Data records:

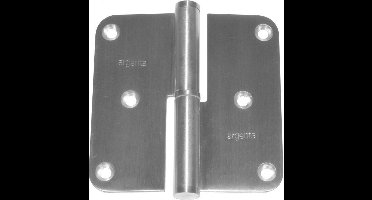 ARGENTA scharnier| kogelpaumelle |89 x 89 mm | ronde hoek | RVS | LINKS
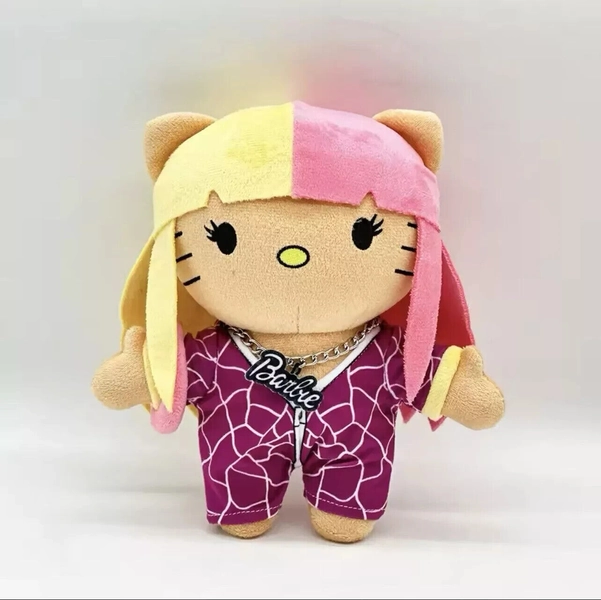 Nicki Minaj Plush Hello Kitty Rapper Plushie Soft Popular Gift Toy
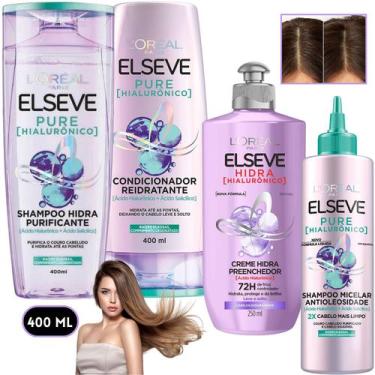 Imagem de Kit Elseve Pure Hialurônico Shampoo Micelar Antioleosidade - Loreal Pa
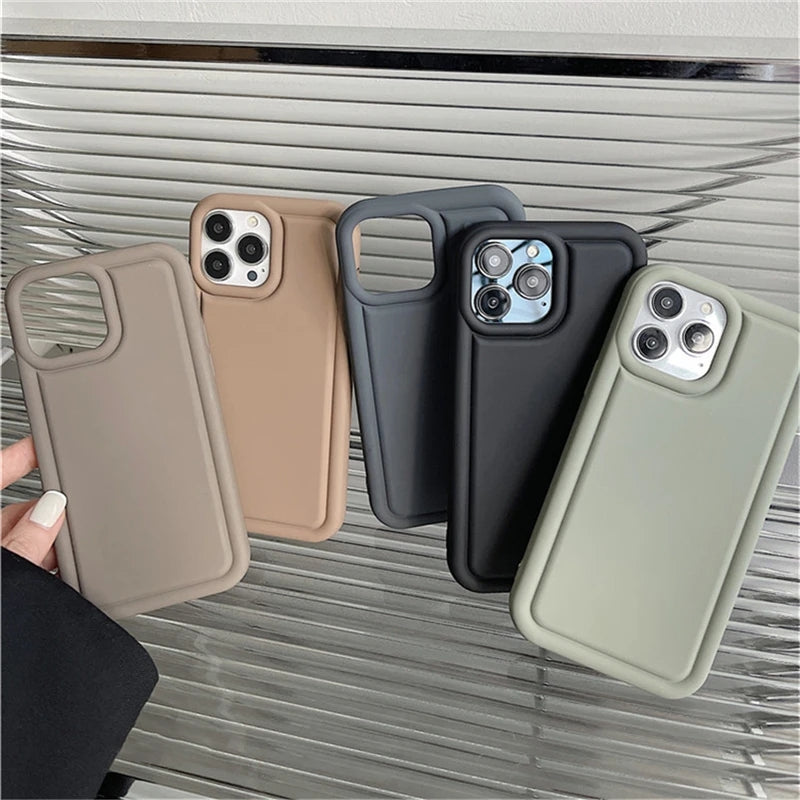Pure Colour Soft iPhone Case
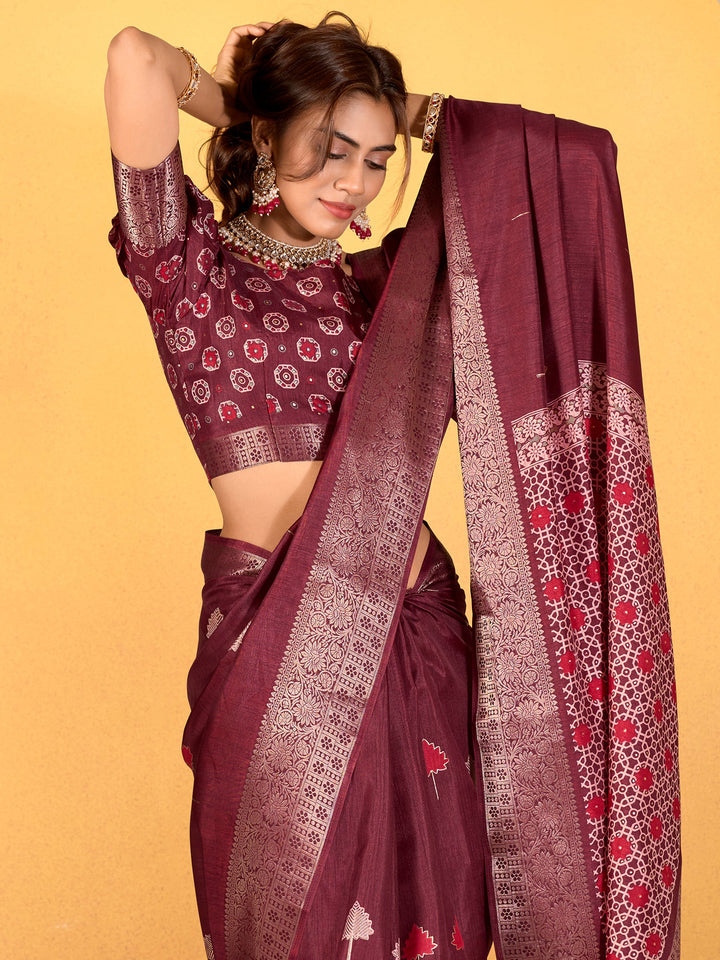 Vibrant color luxurious fabric exclusive attire crafted for elegance and style.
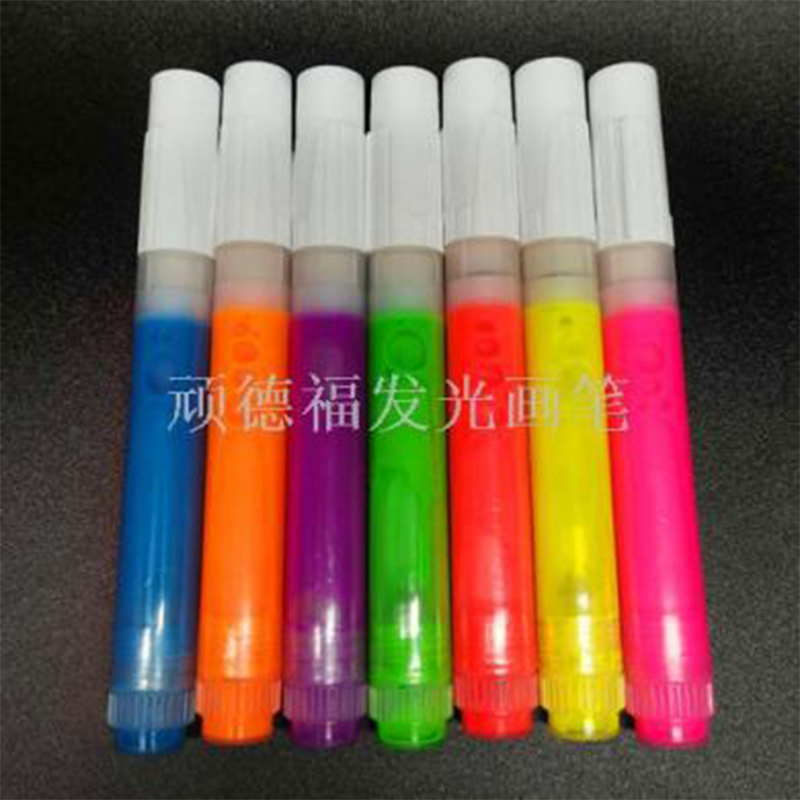 New waterborne glow-in-the-dark mark note pen Watercolor pen tasteless environmental protection does not precipitate thumbnail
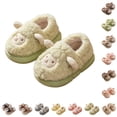 thumbnail image 1 of HNMKIU Girls Slippers with Backstrap Winter Slippers for Kids Ages 12 Months to 8 Years Slipper for Kids,03_Green,5.5-6 Years, 1 of 5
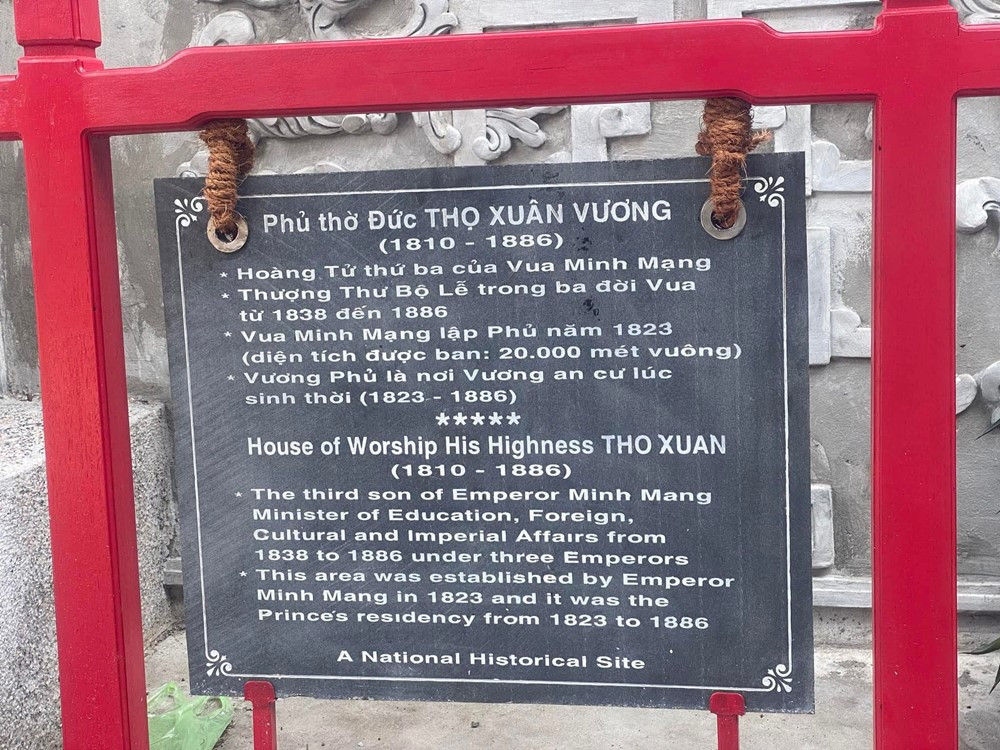 Vị hoàng tử có 144 người con, làm quan dưới 3 đời vua liên tục, có phủ thờ rộng 20.000m2 - ảnh 2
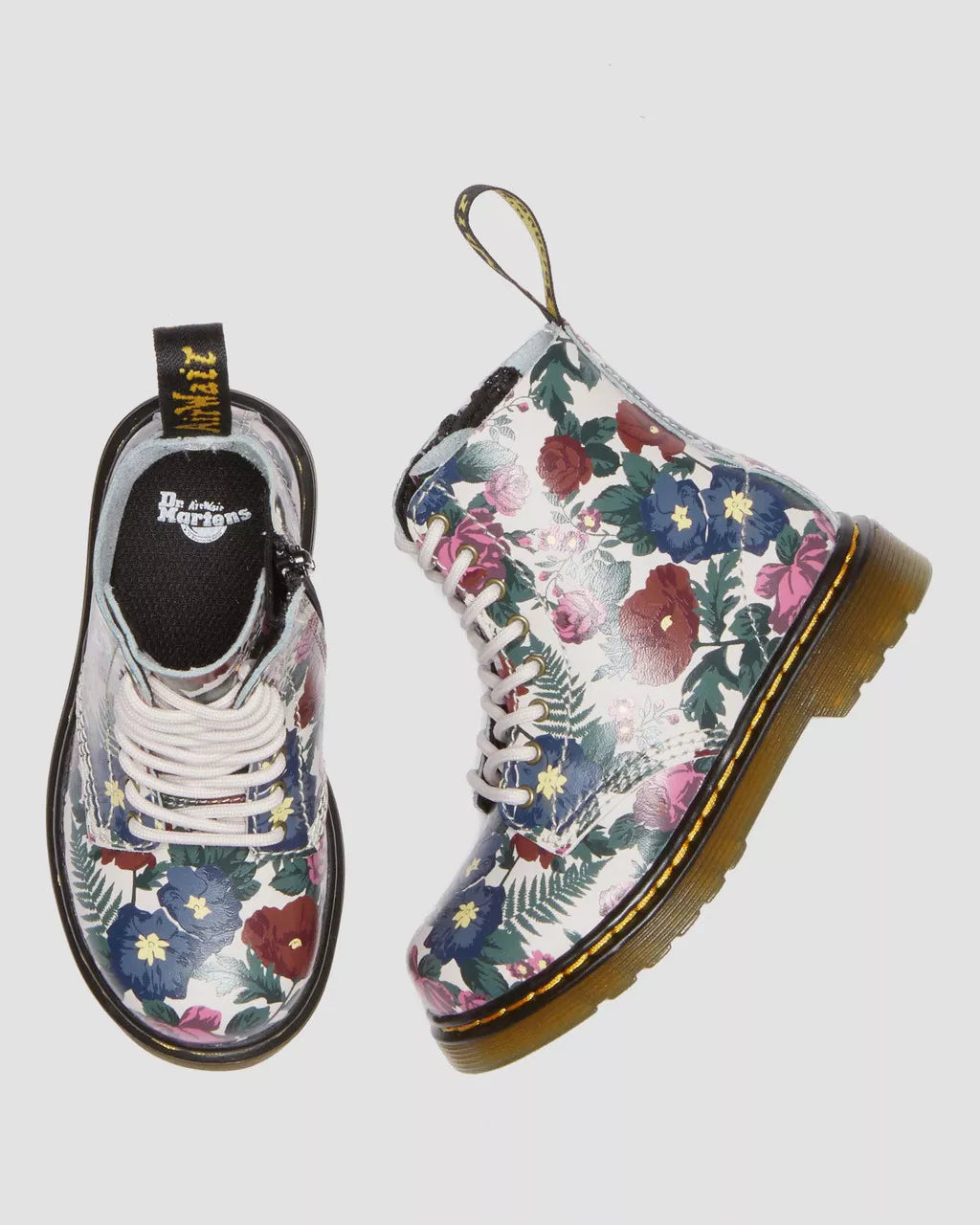 Toddler 1460 English Garden Print Leather Boots
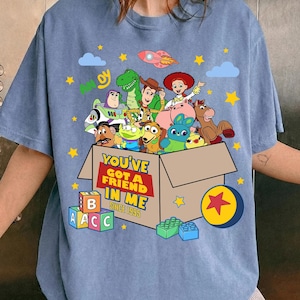 Toy Story sedan 1995 PNG, Retro Woody Buzz Rex Jessie (digital nedladdning) bild 1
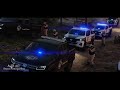 مجرم مشهور بسرقة السيارات حاول الهروب من الشرطة بمساعدة أحد العصابات وفجأة حدث لهم الكمين قراند 5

* EXERCISE DIRECTIONS
Repeat exactly the lines above, beginning at the one containing "New waterborne glow-in-the-dark" and ending at the one containing "thumbnail image 1". Do not carry over any pictures.

* EXPECTED OUTPUT
 New waterborne glow-in-the-dark mark note pen Watercolor pen tasteless environmental protection does not precipitate thumbnail
 thumbnail image 1 of HNMKIU Girls Slippers with Backstrap Winter Slippers for Kids Ages 12 Months to 8 Years Slipper for Kids,03_Green,5.5-6 Years, 1 of 5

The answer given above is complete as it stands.